■ **WHAT THE EXERCISE ASKS**:
The lines from the start of the data through the line with "<i>Polygonia c-album</i>" are to be returned verbatim; all later lines are to be omitted.

■ **Dataset items**:
● ● ● ●
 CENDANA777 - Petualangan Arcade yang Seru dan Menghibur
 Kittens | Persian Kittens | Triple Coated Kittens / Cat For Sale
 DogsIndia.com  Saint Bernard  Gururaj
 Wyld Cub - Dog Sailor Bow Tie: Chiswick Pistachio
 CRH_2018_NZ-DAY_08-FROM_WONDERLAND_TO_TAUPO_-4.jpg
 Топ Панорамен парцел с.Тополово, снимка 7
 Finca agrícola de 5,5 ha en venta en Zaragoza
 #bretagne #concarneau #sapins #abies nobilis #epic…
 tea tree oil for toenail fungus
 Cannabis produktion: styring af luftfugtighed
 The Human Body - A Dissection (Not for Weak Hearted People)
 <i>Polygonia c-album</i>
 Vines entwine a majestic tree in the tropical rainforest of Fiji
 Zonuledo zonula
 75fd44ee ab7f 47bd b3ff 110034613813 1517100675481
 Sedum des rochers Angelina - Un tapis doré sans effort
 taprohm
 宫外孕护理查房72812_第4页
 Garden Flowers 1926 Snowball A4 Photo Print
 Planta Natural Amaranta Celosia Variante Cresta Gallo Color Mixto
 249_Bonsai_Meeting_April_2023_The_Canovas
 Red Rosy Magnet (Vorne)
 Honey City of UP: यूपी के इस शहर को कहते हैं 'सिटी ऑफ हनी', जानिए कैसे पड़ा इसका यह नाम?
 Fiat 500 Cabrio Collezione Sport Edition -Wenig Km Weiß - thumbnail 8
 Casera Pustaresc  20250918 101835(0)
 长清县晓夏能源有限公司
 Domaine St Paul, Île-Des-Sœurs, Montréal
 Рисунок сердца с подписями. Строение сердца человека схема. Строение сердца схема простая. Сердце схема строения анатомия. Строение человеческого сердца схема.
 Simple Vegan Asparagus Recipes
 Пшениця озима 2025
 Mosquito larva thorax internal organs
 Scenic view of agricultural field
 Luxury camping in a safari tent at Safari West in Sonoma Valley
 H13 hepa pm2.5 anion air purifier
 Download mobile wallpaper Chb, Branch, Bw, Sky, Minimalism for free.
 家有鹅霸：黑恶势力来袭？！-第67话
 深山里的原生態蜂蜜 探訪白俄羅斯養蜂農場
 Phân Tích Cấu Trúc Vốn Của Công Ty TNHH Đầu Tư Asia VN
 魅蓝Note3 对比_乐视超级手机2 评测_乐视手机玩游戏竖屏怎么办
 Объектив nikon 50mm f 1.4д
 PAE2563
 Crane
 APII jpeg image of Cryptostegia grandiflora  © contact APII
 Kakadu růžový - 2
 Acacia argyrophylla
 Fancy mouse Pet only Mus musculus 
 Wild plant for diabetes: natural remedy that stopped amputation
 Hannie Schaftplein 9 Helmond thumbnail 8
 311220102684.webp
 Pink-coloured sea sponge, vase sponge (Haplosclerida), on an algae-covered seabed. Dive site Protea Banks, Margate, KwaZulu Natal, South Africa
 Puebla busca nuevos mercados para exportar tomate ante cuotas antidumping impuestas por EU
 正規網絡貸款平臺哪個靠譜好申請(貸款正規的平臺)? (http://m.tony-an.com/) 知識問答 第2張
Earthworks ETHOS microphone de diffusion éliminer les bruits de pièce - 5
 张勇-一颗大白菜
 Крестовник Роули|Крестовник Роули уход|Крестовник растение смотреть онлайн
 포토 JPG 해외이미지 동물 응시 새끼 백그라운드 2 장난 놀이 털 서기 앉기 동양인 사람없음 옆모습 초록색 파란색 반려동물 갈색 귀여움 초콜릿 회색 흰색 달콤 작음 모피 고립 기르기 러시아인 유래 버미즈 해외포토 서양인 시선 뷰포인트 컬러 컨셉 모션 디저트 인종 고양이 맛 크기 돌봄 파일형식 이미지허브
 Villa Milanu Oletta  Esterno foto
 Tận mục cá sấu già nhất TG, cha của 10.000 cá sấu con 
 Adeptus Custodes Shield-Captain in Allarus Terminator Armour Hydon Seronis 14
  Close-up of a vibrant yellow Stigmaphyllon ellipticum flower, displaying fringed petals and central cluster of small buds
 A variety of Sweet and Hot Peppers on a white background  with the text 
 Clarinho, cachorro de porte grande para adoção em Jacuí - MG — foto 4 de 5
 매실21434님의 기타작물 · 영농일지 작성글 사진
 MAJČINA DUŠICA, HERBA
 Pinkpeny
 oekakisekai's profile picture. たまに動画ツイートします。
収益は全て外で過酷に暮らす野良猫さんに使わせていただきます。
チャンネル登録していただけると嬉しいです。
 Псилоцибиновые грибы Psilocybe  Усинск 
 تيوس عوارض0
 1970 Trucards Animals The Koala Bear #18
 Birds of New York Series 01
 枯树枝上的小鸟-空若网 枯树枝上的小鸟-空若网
● ● ● ●
■ **EXERCISE RESULT**:
 CENDANA777 - Petualangan Arcade yang Seru dan Menghibur
 Kittens | Persian Kittens | Triple Coated Kittens / Cat For Sale
 DogsIndia.com  Saint Bernard  Gururaj
 Wyld Cub - Dog Sailor Bow Tie: Chiswick Pistachio
 CRH_2018_NZ-DAY_08-FROM_WONDERLAND_TO_TAUPO_-4.jpg
 Топ Панорамен парцел с.Тополово, снимка 7
 Finca agrícola de 5,5 ha en venta en Zaragoza
 #bretagne #concarneau #sapins #abies nobilis #epic…
 tea tree oil for toenail fungus
 Cannabis produktion: styring af luftfugtighed
 The Human Body - A Dissection (Not for Weak Hearted People)
 <i>Polygonia c-album</i>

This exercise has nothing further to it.